Occipital nerve stimulation (ONS) may be useful for the treatment of patients with chronic and disabling head pain that is unresponsive to medical therapy. Electrical stimulation of the occipital nerves may have an antinociceptive effect in the direct territory of these nerves as well as in trigeminally innervated locations. Herein we report safety and efficacy data on 15 patients who underwent ONS placement for the treatment of medically refractory chronic headaches.
This study was approved by the Mayo Clinic institutional review board. Fifteen patients underwent ONS for the treatment of chronic and disabling headaches that were recalcitrant to medical therapy. Patients considered for ONS were identified in our headache specialty clinic. Each of the patients had failed to respond to prophylactic medications from several different classes, including combination pharmacotherapy, and none was felt to be suffering from rebound headaches. Each patient suffered from head pain that involved the C2 distribution with or without pain in other regions of the head. A neurologist specializing in headache was responsible for headache classification according to International Headache Society (IHS) diagnostic criteria. Each subject was also evaluated by one neurosurgeon and one anaesthesiologist specializing in pain, and all underwent psychiatric evaluation. Thirteen of 15 patients underwent occipital nerve blockade prior to temporary stimulator placement. All subjects underwent a percutaneous stimulator trial prior to permanent placement. During this 5–7-day trial, efficacy and tolerability were measured. Permanent ONS implant was performed within 1 month of the trial.
Implantation technique was modelled after the procedures described by Weiner (1). Subjects were implanted with Pisces Quad Plus leads and Synergy implantable pulse generators (IPGs) from Medtronic Inc.® (Minneapolis, MN, USA). Stimulation was unilateral in subjects with strictly ipsilateral head pain and bilateral in all others. Leads were secured to fascia at the C1 level with a spacing of 12 mm. Leads were tunnelled to an extension connector site in the periscapular region. Extensions were then tunneled to the IPG in the upper buttocks, lower abdomen, or in the infraclavicular region. All patients underwent intraoperative stimulator testing during permanent placement.

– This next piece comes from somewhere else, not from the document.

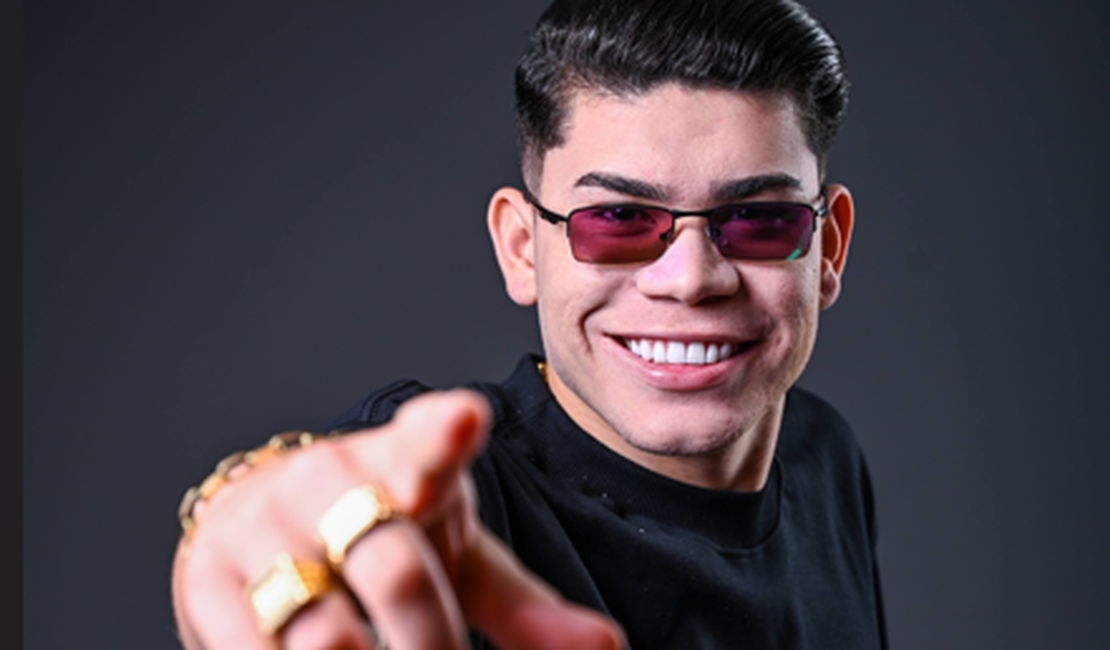 Heytor O Boyzinho lança hoje o DVD 'Breguinha Cachorro de Verão'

Subjects were able to control their stimulator use and adjust their stimulation amplitude and frequency. Subjects were instructed to use and adjust their stimulator per effect. Stimulator settings including amplitude, pulse width and frequency were collected. Data regarding the duration of daily ONS were collected. As this was an open-label study, patients made changes in their headache medications during the period of follow-up.
Data including patient demographics, frequency and severity of headaches, Migraine Disability Assessment (MIDAS) disability scores, Headache Impact Test 6 (HIT-6) scores and Beck Depression Inventory II (BDI-II) scores were collected pre and post ONS. Headache frequency was measured by asking the patient to report the number of days with headache during the previous 3 months. Headache severity was measured by asking the patient to rate how painful the headaches were during the previous 3 months on a scale from 0 (none) to 10 (worst) points. In addition, all subjects were asked to rate subjectively their percentage change in overall pain with ONS. Post-stimulator complications and adverse events were collected. The data were collected at clinic visits and via telephone interviews.
The primary outcome measures were the six headache measures. The mean level at follow-up was compared with the mean at baseline and the statistical significance was calculated using the paired t-test. The mean percent change in pain was compared with 0% and the statistical significance was calculated using the one-sample t-test. We accounted for six multiple comparisons by using the Holm method. Assumptions about the sampling distributions were checked by using bootstrap resampling. The relationships between the changes and follow-up time were explored using scatterplots. We also report the percentage of patients whose disability score changed by at least one grade and confidence intervals (CI) were calculated using the exact binomial method. The incidence of adverse events was calculated using the Kaplan–Meier method.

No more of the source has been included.